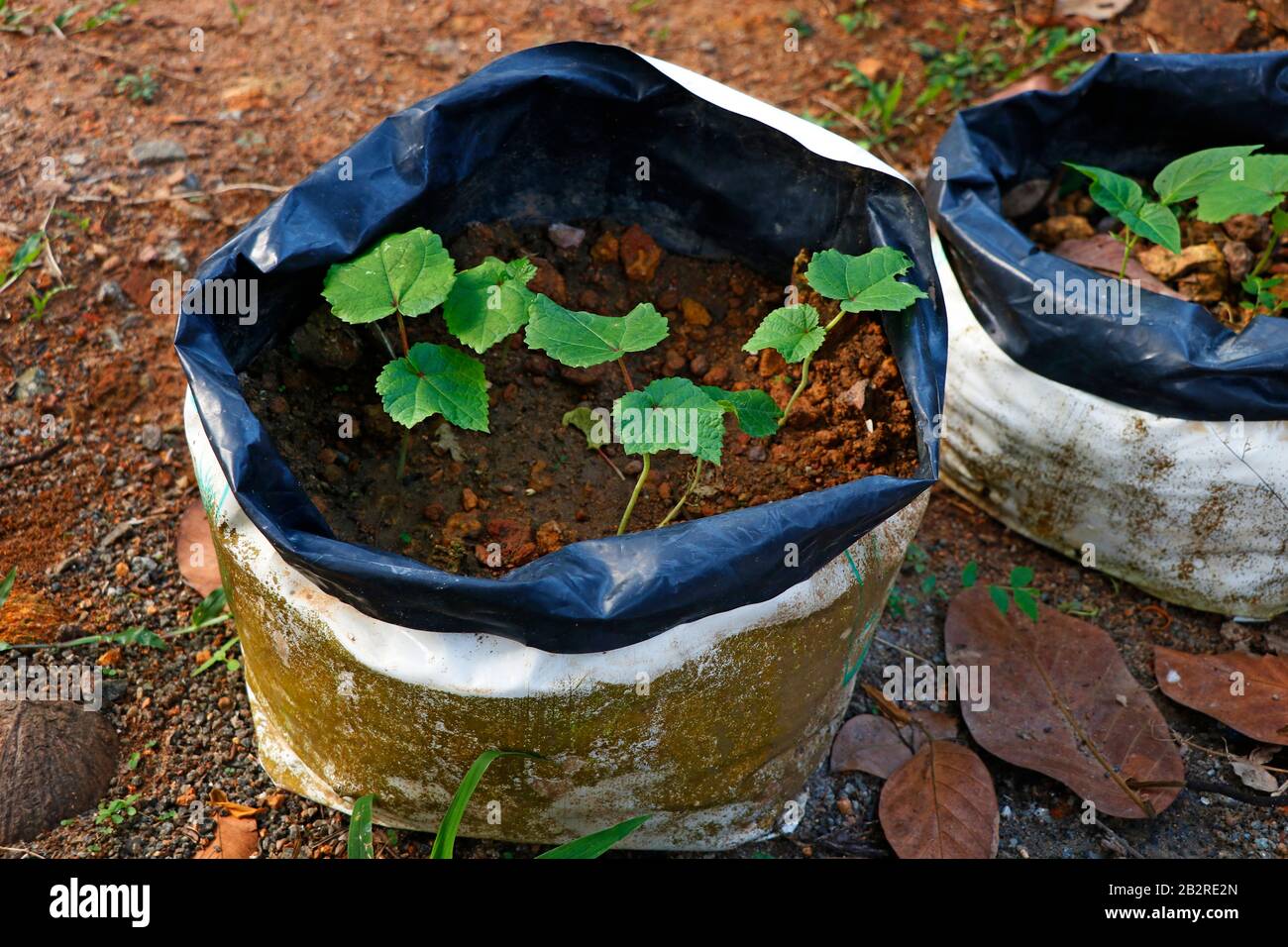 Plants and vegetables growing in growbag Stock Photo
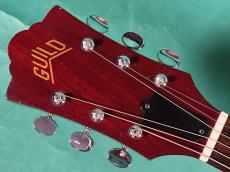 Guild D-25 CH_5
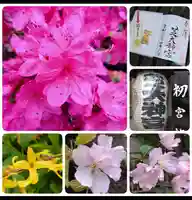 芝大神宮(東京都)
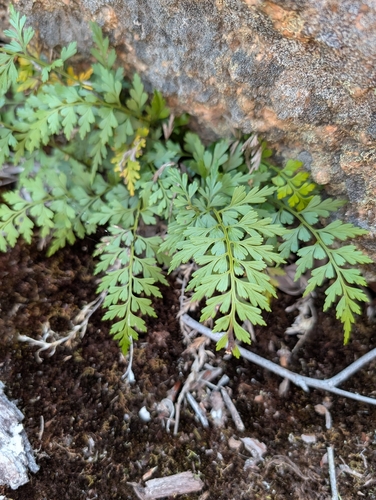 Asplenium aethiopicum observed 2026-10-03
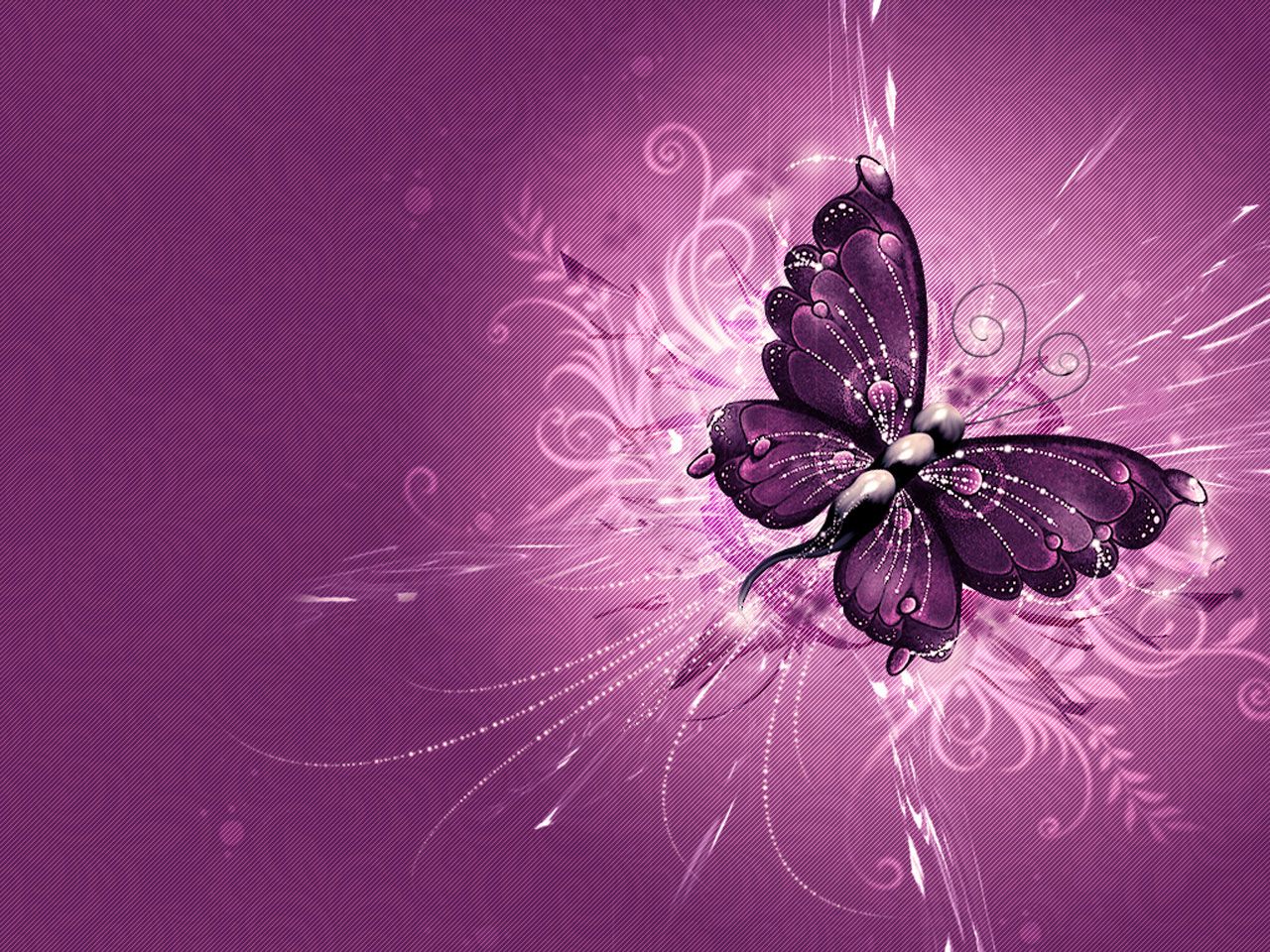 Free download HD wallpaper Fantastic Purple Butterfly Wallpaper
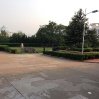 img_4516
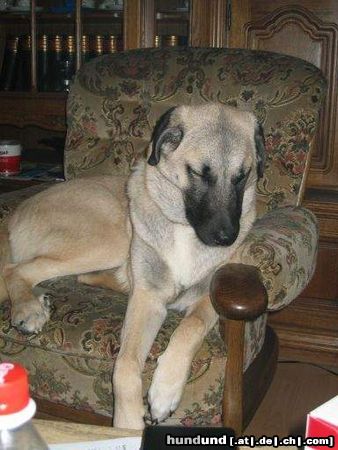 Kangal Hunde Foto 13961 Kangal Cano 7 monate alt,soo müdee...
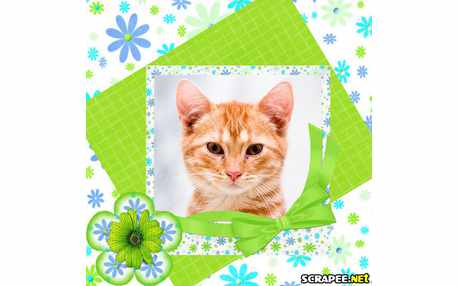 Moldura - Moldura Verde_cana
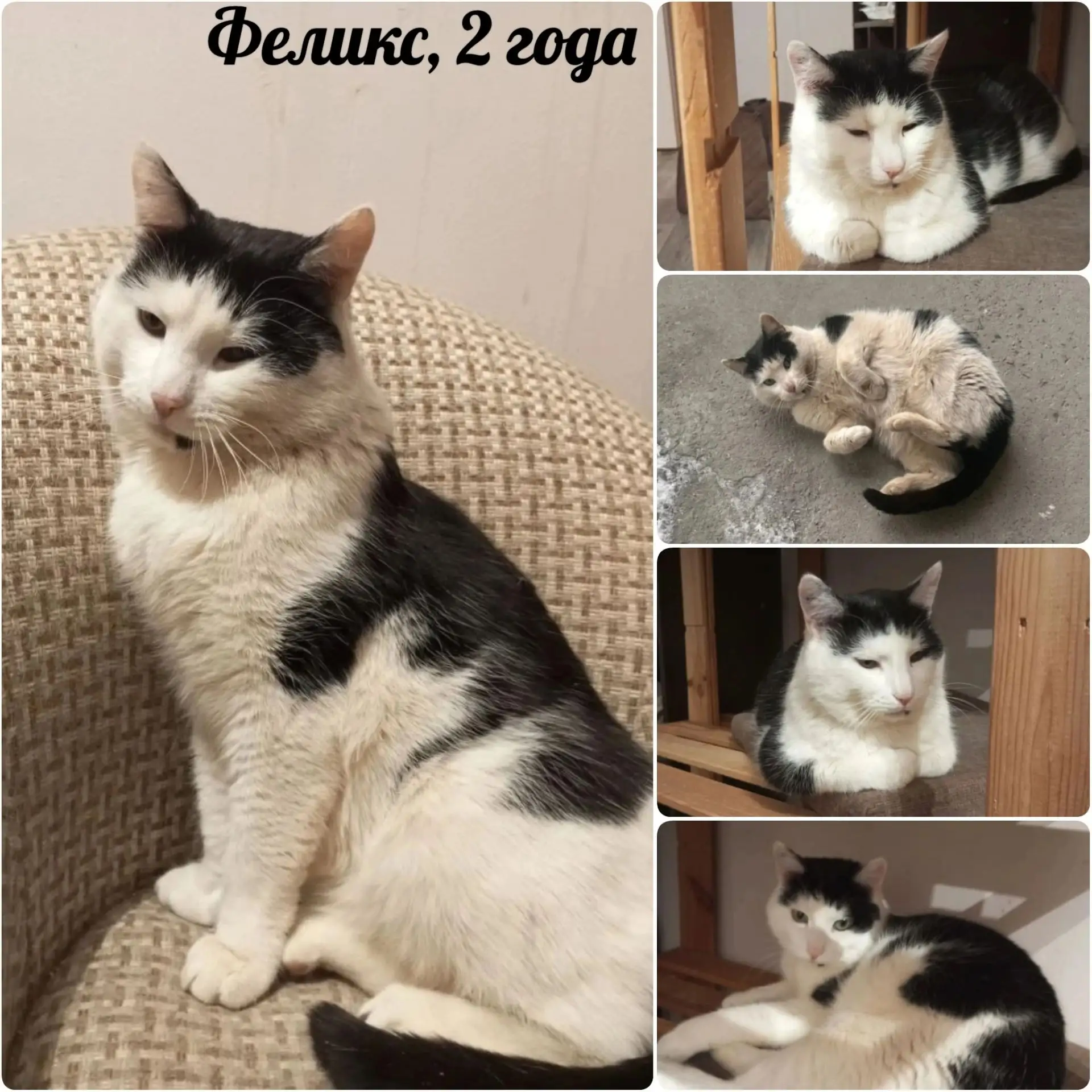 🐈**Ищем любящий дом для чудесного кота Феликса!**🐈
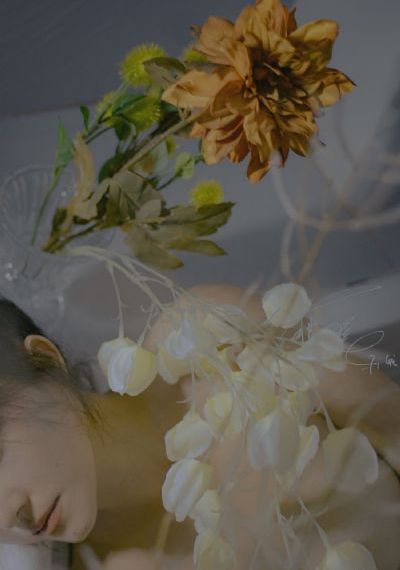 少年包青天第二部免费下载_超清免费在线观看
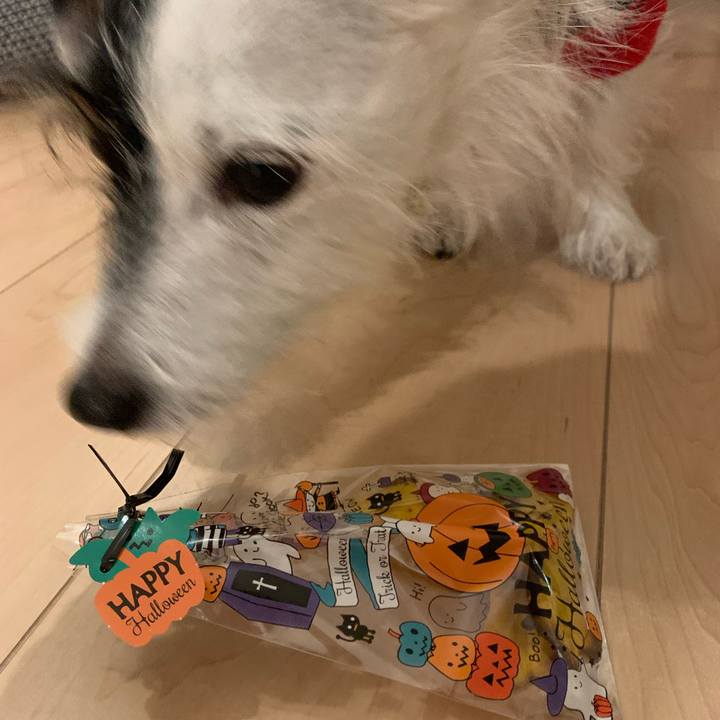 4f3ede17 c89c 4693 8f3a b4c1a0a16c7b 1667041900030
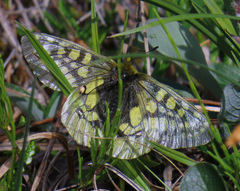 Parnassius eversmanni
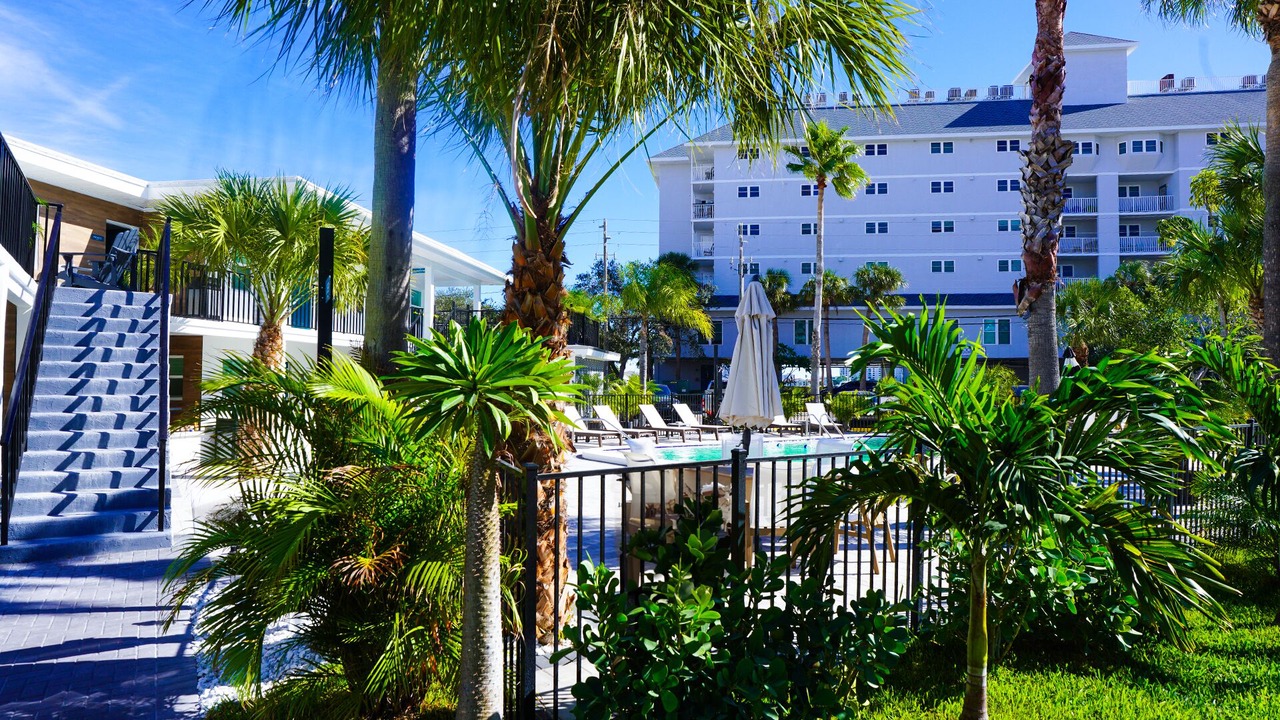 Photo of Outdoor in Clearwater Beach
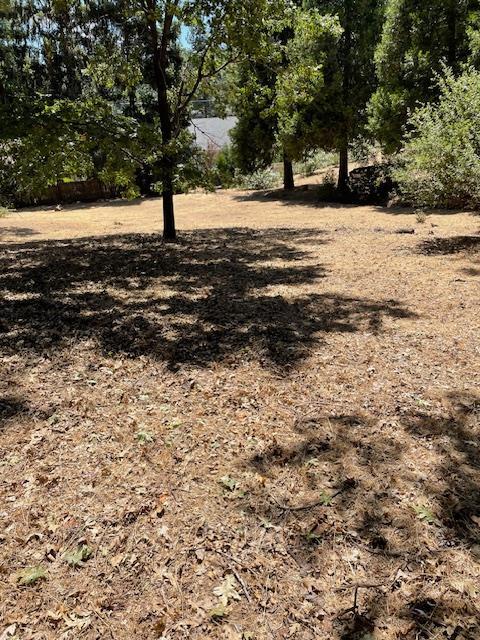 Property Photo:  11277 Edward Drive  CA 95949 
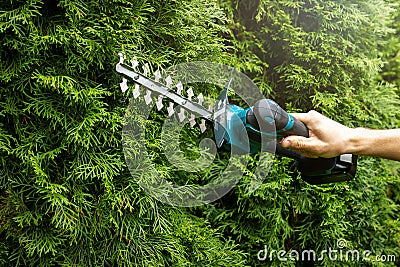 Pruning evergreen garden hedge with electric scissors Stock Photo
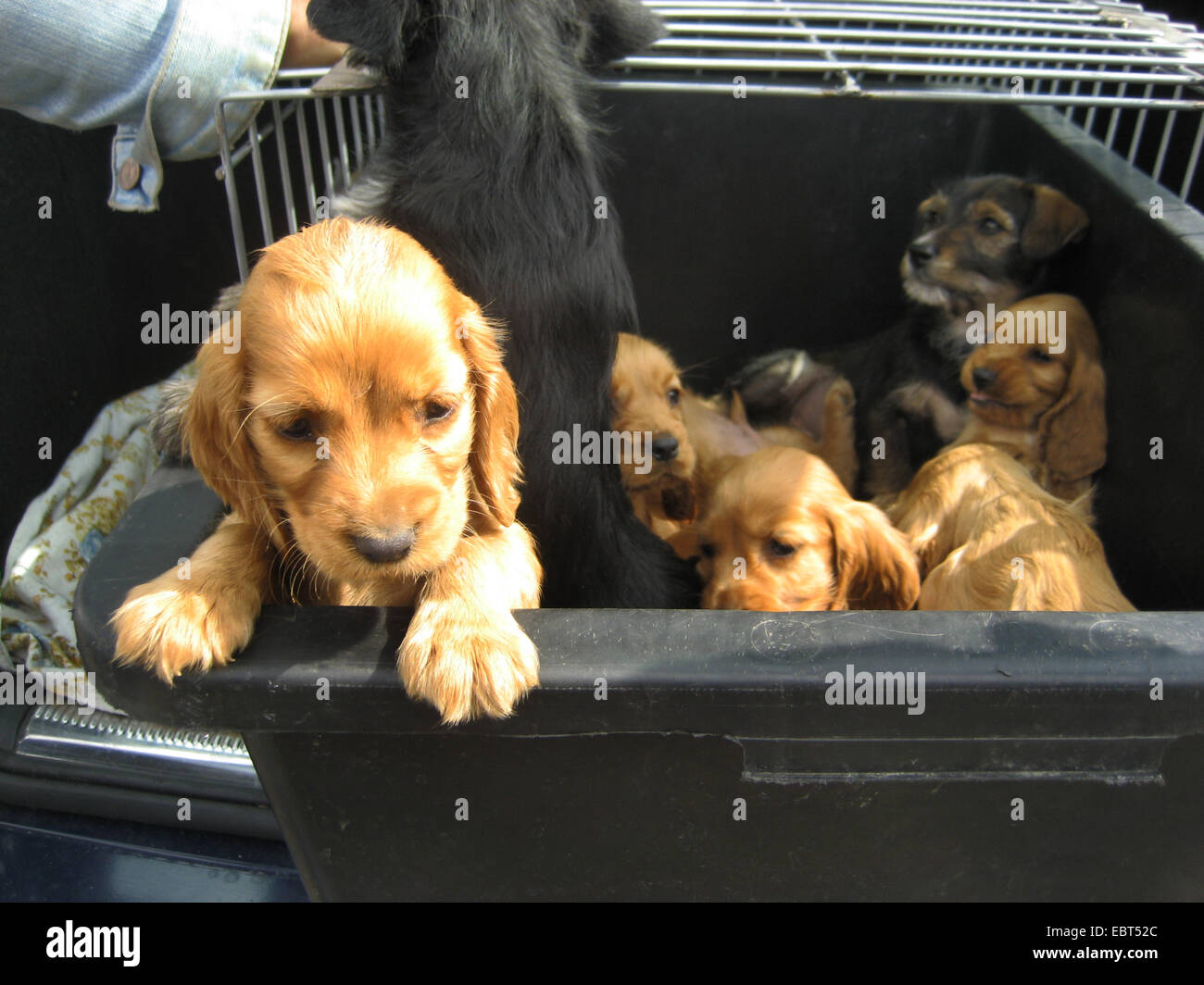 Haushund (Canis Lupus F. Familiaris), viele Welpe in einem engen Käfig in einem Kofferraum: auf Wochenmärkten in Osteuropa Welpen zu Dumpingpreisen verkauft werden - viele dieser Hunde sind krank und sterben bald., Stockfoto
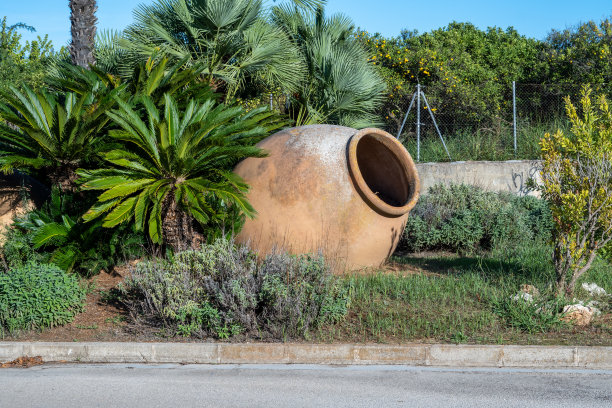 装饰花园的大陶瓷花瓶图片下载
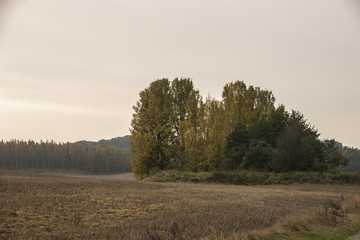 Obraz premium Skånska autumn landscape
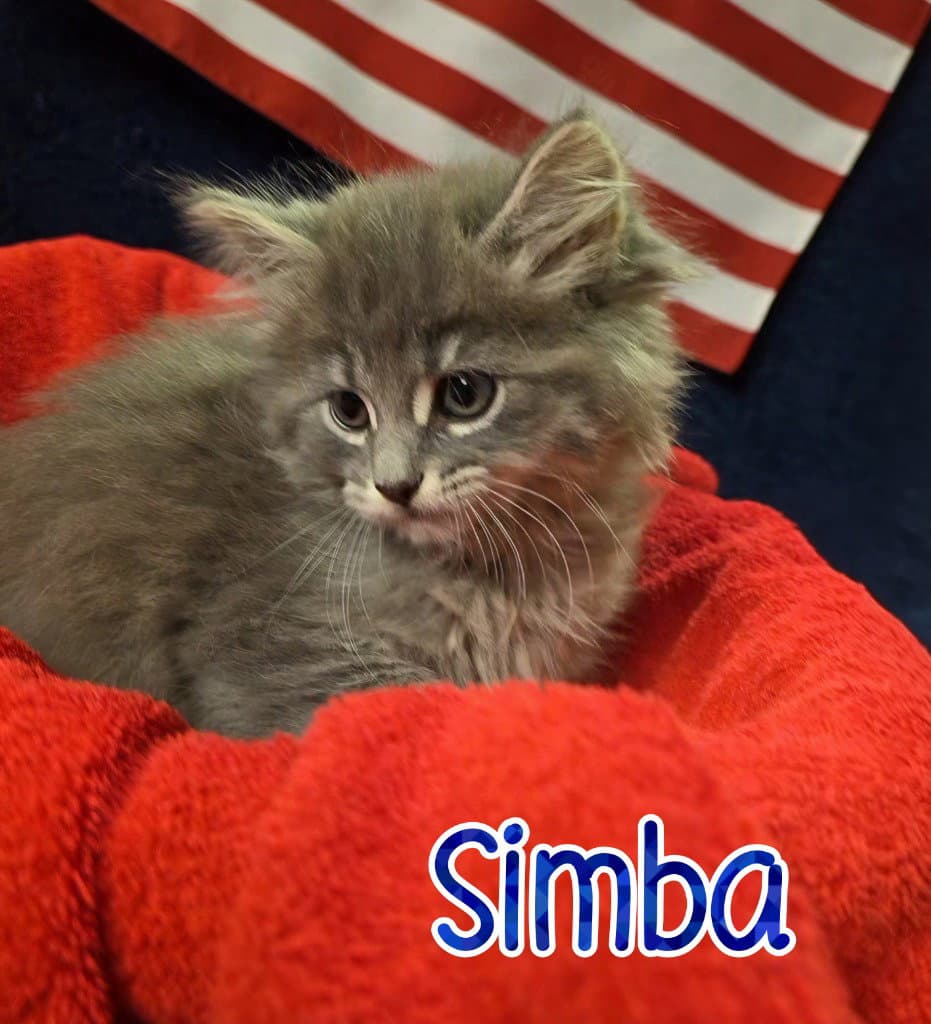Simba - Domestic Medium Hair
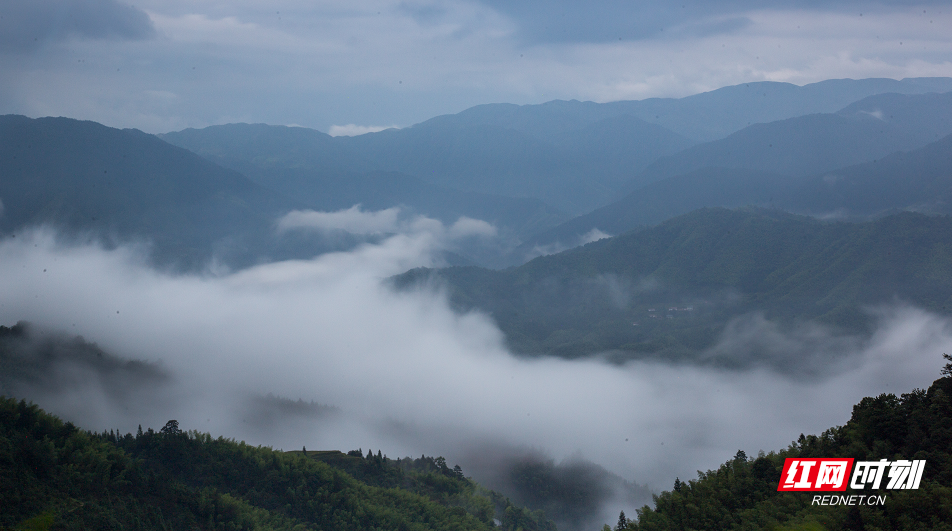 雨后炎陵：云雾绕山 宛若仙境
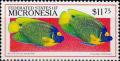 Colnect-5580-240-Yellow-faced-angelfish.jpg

+ + + + + + +

TASK OBJECTIVE:
For the entries above, print exactly the lines between the one with "Free download HD" and the one with "Pruning evergreen garden", inclusive, with no pictures.

TASK OUTPUT:
 Free download HD wallpaper Fantastic Purple Butterfly Wallpaper
 img_4516
 Kangal Hunde Foto 13961 Kangal Cano 7 monate alt,soo müdee...
 Moldura - Moldura Verde_cana
 🐈**Ищем любящий дом для чудесного кота Феликса!**🐈
 少年包青天第二部免费下载_超清免费在线观看
 4f3ede17 c89c 4693 8f3a b4c1a0a16c7b 1667041900030
 Parnassius eversmanni
 Photo of Outdoor in Clearwater Beach
 Property Photo:  11277 Edward Drive  CA 95949 
 Pruning evergreen garden hedge with electric scissors Stock Photo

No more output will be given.